Appraisals of the same property by different appraisers are rarely the same. Differing value opinions are usually a result of various factors. When an appraisal user encounters contrasting value conclusions for one property, they can decide— by considering several variables — which conclusion is most reliable.
Opinion Versus Fact
By definition, an appraisal is an opinion of value, not fact. While a property’s sale price and construction cost are provable quantities, its value is an opinion of desirability to defined groups. So, appraisal conclusions, even though supported by facts, can vary among appraisers. Appraisers’ knowledge and experience often account for factual and analytical differences between value estimates.
Value opinions will be contradictory if appraisers describe a subject property differently. If two appraisers disagree on a property’s size, age, or physical components, their conclusions will be different. If appraisals’ dates of value are not identical, value conclusions may also vary. Date variations are especially common in appraisals for taxation purposes: usually, taxing authorities express value as of a specific past date, while property owners’ appraisals may be as of a current date.
Appraisers identify the type of value they are researching. While market value is most often the focus of appraisal assignments, appraisers also study other kinds of value, such as use, investment, assessment, and insurable values. Uniform Standards of Professional Appraisal Practice require appraisers to identify the definition of market value assumed in an appraisal: different definition elements, such as marketing time (or best versus most probable price) will affect value conclusions.

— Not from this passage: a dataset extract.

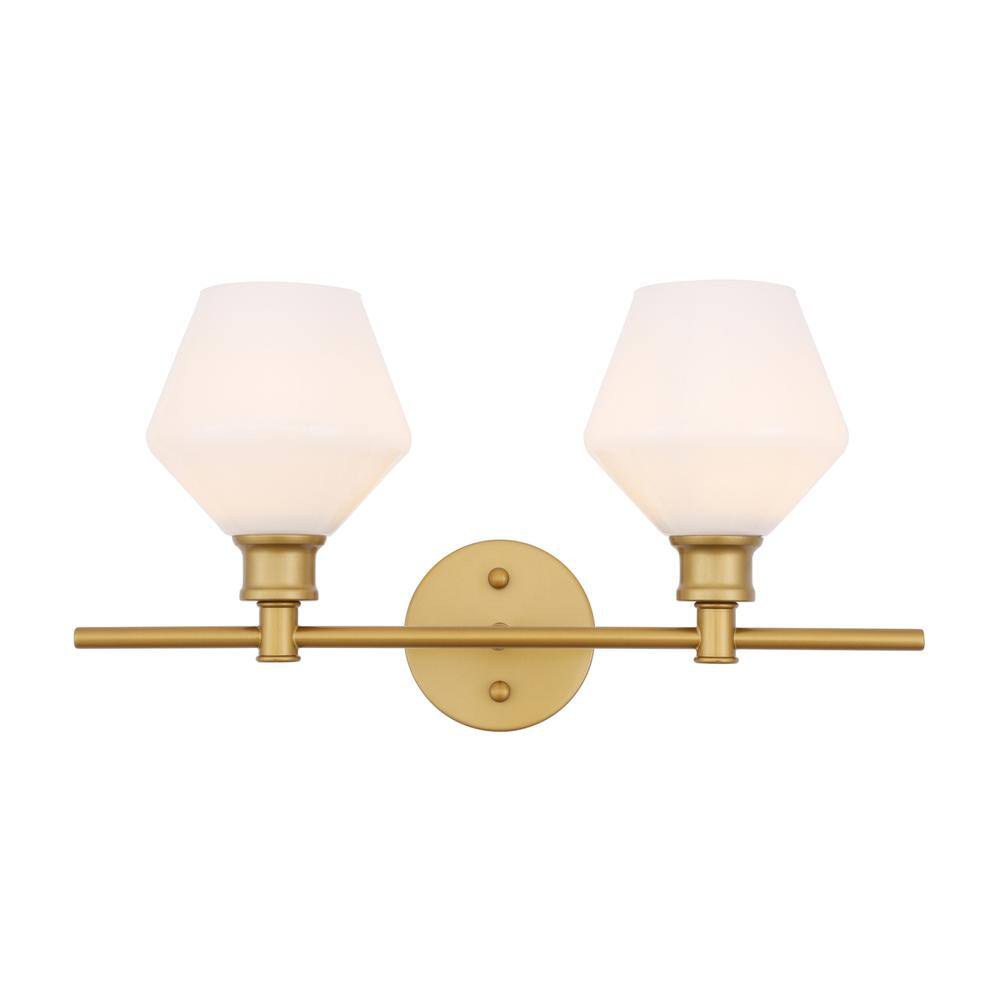 Alt View 10. Living District - Gene 2 light Brass and Frosted white glass Wall sconce - Brass And Frosted White Glass.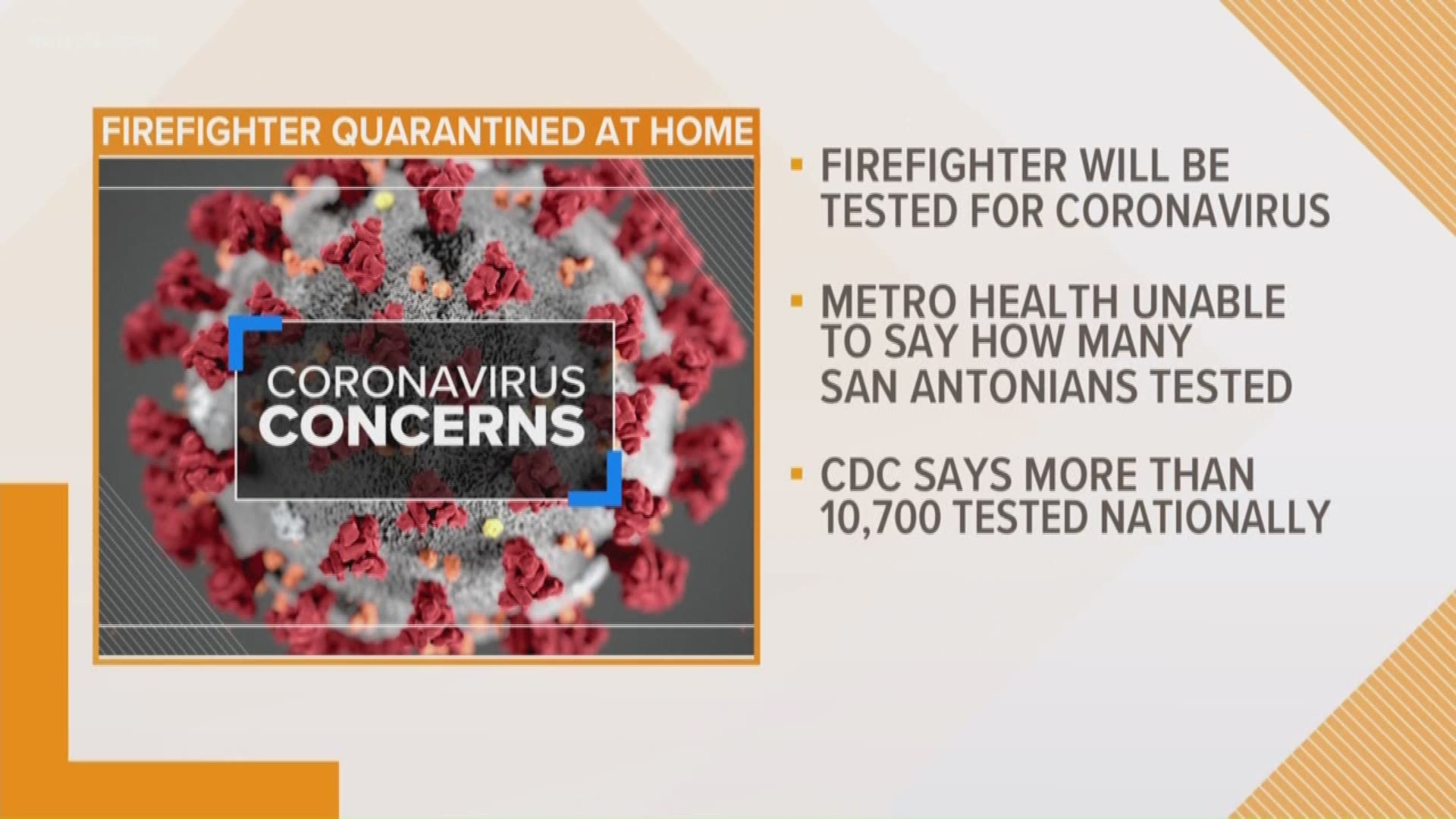 A firefighter with the San Antonio Fire Department is being tested for coronavirus after experiencing flu-like symptoms.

Different factual considerations for comparable sales can also change value conclusions. Both the sale properties’ physical descriptions and the conditions of their purchase will impact their unit sale prices. If a sale property is smaller than reported, its unit price will likely be higher. If the property is sold under duress, its unit price will probably be lower.
The analysis applied in an appraisal will affect its result. Divergent scopes of work can affect appraisals’ detail and depth of analysis. When appraisers conclude different highest and best uses for the same property, value conclusions likely will vary.
How an appraiser analyzes a property’s market will affect their selection of comparable sales. For example, if an appraiser knows that single-level homes are most desirable in a market area, excluding comparable sales of two-level homes will result in a different range of value. If the subject property is unusual in its locality, an appraiser may extend the comparable sale search outside of that region.
When an appraiser has extensive experience appraising in a specific location or for a particular property type, their analysis will often be different from that of a less-experienced appraiser. The experienced appraiser may place more weight on locational differences or property features. They may even have useful data from previous appraisals, such as proof for comparable sale adjustments.
Addressing Appraisal Differences
Appraisal conclusions often vary because they are opinions, not facts. By comparing both the facts and the analysis underlying different value opinions, an appraisal user can determine which opinion is most relevant. When value opinions for a property conflict, one opinion isn’t necessarily wrong. However, one appraisal will perhaps be best suited to the intended use at hand.